Premium
The management of patients with ischaemic heart disease undergoing non‐cardiac elective surgery: A survey of Australian and New Zealand clinical practice
Author(s) -
Price D. J.,
Kluger M. T.,
Fletcher T.
Publication year - 2004
Publication title -
anaesthesia
Language(s) - English
Resource type - Journals
SCImago Journal Rank - 1.839
H-Index - 117
eISSN - 1365-2044
pISSN - 0003-2409
DOI - 10.1111/j.1365-2044.2003.03656.x
Subject(s) - medicine , referral , blockade , beta blocker , risk stratification , perioperative , disease , emergency medicine , surgery , family medicine , heart failure , receptor
Summary Improvements in patient risk stratification and peri‐operative beta‐blockade have been suggested as methods which can reduce cardiovascular risk in patients with known cardiac risk factors.
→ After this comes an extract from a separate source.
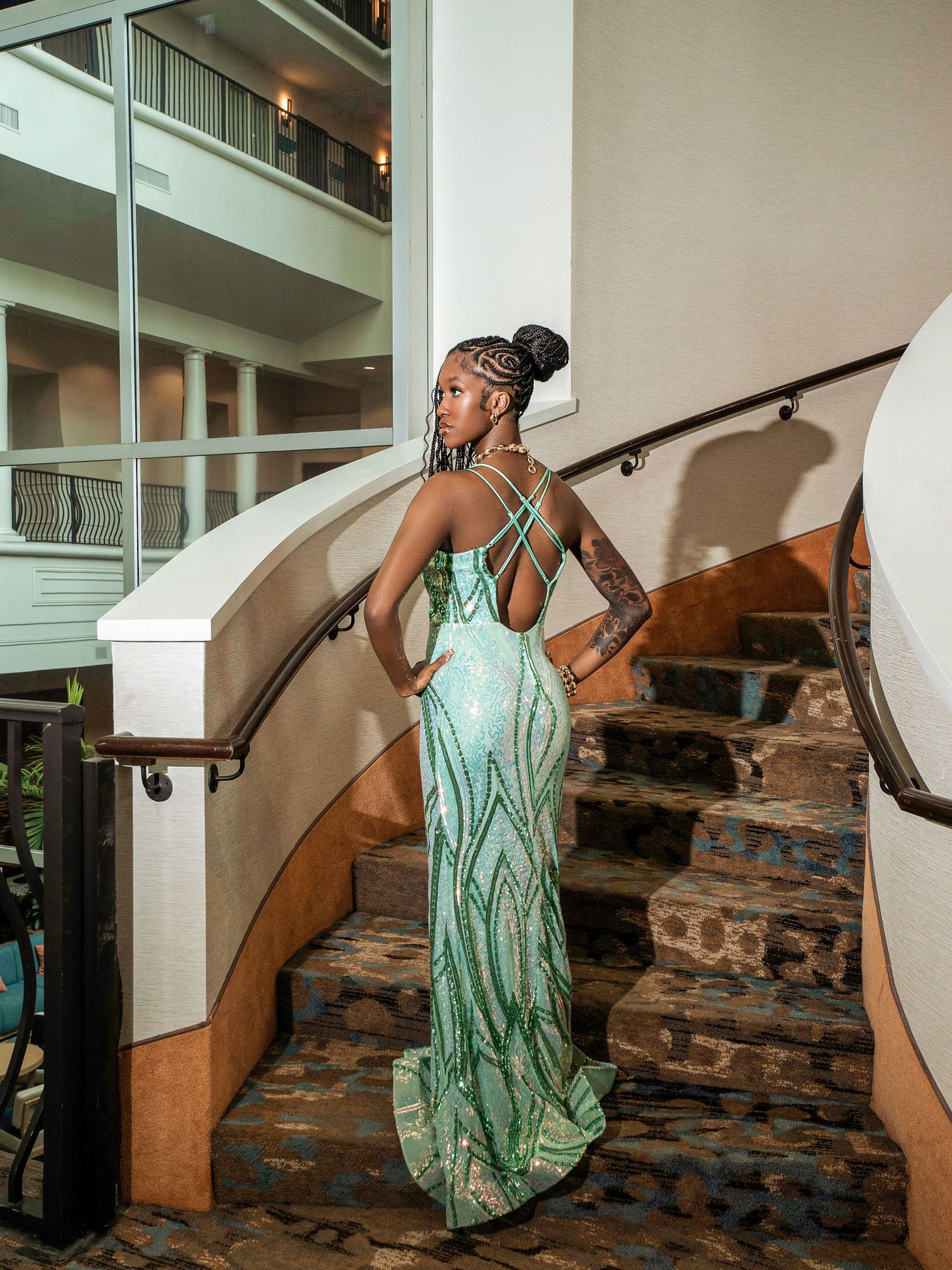 Elegant mint green sequined gown with strappy back detail shown on curved staircase in formal venue.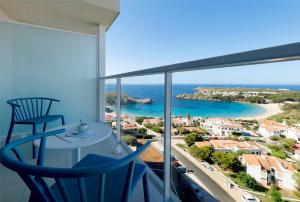 a room with a view of the ocean at Palladium Hotel Menorca in Arenal d'en Castell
A postal questionnaire was sent to all Australian and New Zealand teaching hospitals to identify patterns of pre‐operative cardiac risk evaluation and methods of peri‐operative beta‐blocker use. In all, 67 replies were evaluated (64% response rate). Specialist anaesthetists are present in the majority of pre‐admission clinics (78%), with a designated peri‐operative physician in 9%. Further cardiological referral was possible in almost all institutions (96%), and specific peri‐operative physician referral in 54%. Waiting times for specialist consultation were < 7 days in the majority of cases. Whilst 79% of institutions used peri‐operative beta‐blockade, specific protocols were available in only 10%. In 60% of institutions, beta‐blockers were administered to high‐risk patients, and in 25% they were given to intermediate risk group patients. There was a wide range in the duration of pre‐ and postoperative beta‐blocker administration. Whilst peri‐operative risk assessment appears to be consistent, the pattern of beta‐blockade, a known beneficial intervention, is variable. Reasons need to be identified, protocols developed and consistent administration targeted for further improvements to be made.